Assignment: Set down, character for character, everything in the records below from the line holding "Birthday parties decoration" down to the line holding "Mô Hình Xe Ô", and no other line.

---- Supplied data

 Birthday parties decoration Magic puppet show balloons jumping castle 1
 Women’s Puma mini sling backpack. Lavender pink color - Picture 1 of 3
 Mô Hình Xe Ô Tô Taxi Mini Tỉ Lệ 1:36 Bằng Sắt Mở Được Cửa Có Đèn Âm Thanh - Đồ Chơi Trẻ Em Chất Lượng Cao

--------
---- Supplied data

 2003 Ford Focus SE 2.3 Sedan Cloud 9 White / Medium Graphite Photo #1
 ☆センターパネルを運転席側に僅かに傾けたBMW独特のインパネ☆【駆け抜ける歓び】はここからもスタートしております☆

--------

Answer section:
 Birthday parties decoration Magic puppet show balloons jumping castle 1
 Women’s Puma mini sling backpack. Lavender pink color - Picture 1 of 3
 Mô Hình Xe Ô Tô Taxi Mini Tỉ Lệ 1:36 Bằng Sắt Mở Được Cửa Có Đèn Âm Thanh - Đồ Chơi Trẻ Em Chất Lượng Cao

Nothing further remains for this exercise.